Sobre o dia da tragédia, descreve um cenário de guerra. Após receber a informação do incêndio, ligou para o celular de Fernanda. Alguém desconhecido atendeu e falou que a jovem estava entre as vítimas.

“O que se via eram pessoas sentadas chorando e famílias desesperadas. Muitos caminhões do Exército para recolher os corpos. Eu mesmo não consegui fazer o reconhecimento no IML. Meu cunhado é que confirmou”, lembra.

Para conviver com a perda, busca apoio em livros. “A leitura me fez compreender algumas coisas. Vim de um período de luto pela morte do meu marido, que morreu em um acidente. Seis anos depois aconteceu essa tragédia na Kiss”, conta Diana.

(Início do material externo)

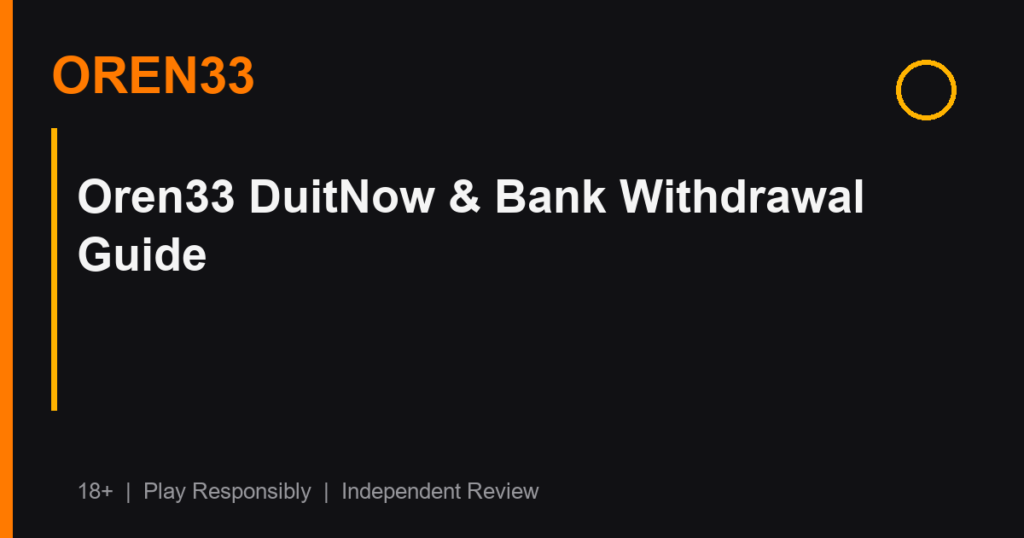 Oren33 DuitNow & Bank Withdrawal Guide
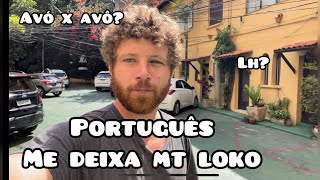 As COISAS MAIS DIFÍCEIS EM PORTUGUÊS para GRINGOS (nunca vou entender)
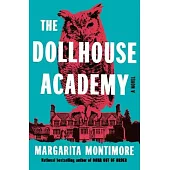 The Dollhouse Academy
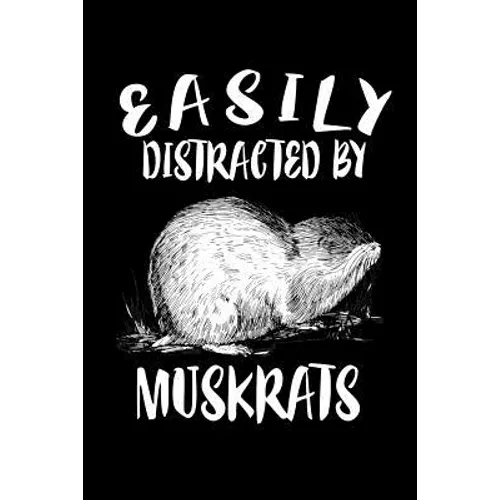 Easily Distracted By Muskrats: Animal Nature Collection - Paperback
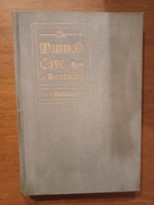 The Mammoth Cave of Kentucky, An Illustrated Manual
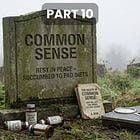 The Death Of Common Sense | Part 10: Welcome to the Other Side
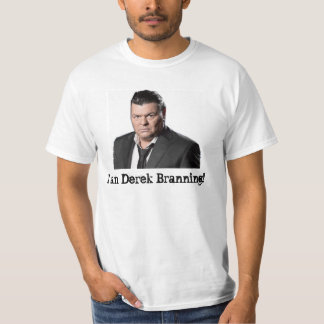 I am Derek Branning T-Shirt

Hoje, ela mora com a filha Thais, 23 e o genro que estão à frente da propriedade leiteira. Diana repassou a administração do local. “Me imaginava na velhice ainda na ordenha das vacas e com o trabalho no campo. Agora penso um dia de cada vez”, relata.

Etapas do julgamento

O Poder Judiciário inicia hoje um dos mais complexos e emblemáticos julgamentos da sua história. Vão a júri os quatro acusados pela tragédia na Boate Kiss. Os réus Elisandro Sphor e Mauro Hoffmann (sócios da casa noturna) e Marcelo dos Santos e Luciano Leão (integrantes da banda) são acusados de 242 homicídios e 363 tentativas, com dolo eventual, quando se assume o risco de matar.

Orlando Faccini Netto é o responsável pelo julgamento que começa às 9h, no Tribunal de Justiça em Porto Alegre. O Conselho de Sentença será formado pelo magistrado e sete jurados escolhidos por sorteio nesta manhã. Durante o júri popular serão ouvidas 19 testemunhas, sendo cinco indicadas pelo Ministério Público e 14 pelas defesas. Também serão ouvidos 14 sobreviventes.

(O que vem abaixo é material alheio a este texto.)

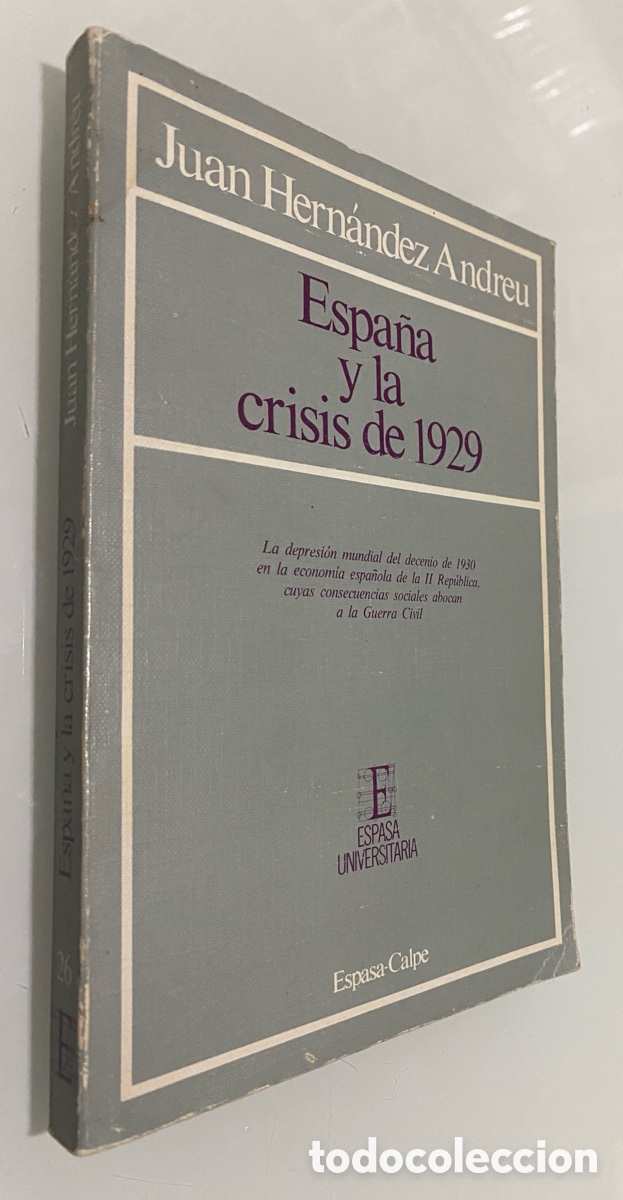 Libros de segunda mano: Espa&ntilde;a y la crisis de 1929 - HERN&Aacute;NDEZ ANDREU, Juan - Foto 1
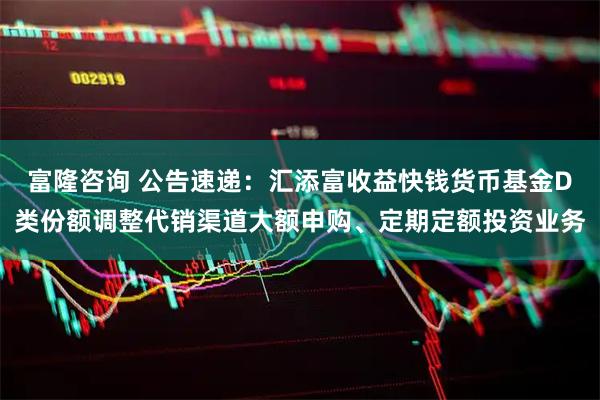 富隆咨询 公告速递：汇添富收益快钱货币基金D类份额调整代销渠道大额申购、定期定额投资业务
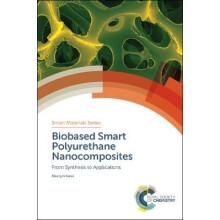 Biobased Smart Polyurethane Nanocomposites From Synthesis to Applications Smart Materials Series Volume 27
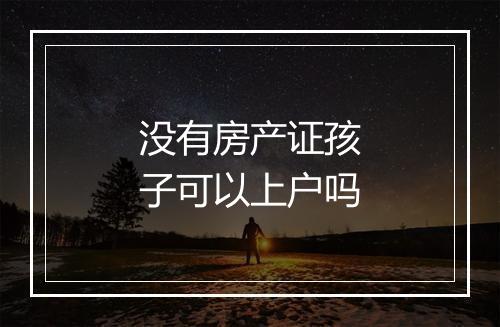 没有房产证孩子可以上户吗
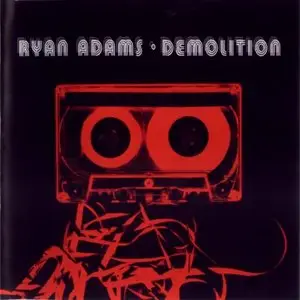 Ryan Adams - Demolition (2002)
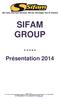 SIFAM GROUP Présentation 2014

Depois do depoimento dos sobreviventes e testemunhas, haverá o interrogatório dos réus, que podem optar pelo silêncio. A previsão é que os trabalhos sejam divididos em três turnos, com uma hora de intervalo para almoço/janta e pausa para descanso dos jurados. Esse é um aspecto definido pelo magistrado em consonância com as partes. Não haverá interrupção no fim de semana.

A expectativa é que o julgamento dure duas semanas. Neste período, os jurados estarão isolados e sem comunicação. Eles ficam hospedados em hotéis e acompanhados em tempo integral por oficiais de Justiça. Em razão dos protocolos de prevenção à pandemia, serão liberados 124 lugares na plateia do plenário.

Cerca de 200 servidores atuam na organização do júri. Além do reforço no efetivo de agentes de segurança do judiciário e das equipes de vigilância privada, contratadas que já atuam junto ao Foro, haverá o apoio da Brigada Militar também no entorno dos hotéis que serão disponibilizados para os jurados e as testemunhas.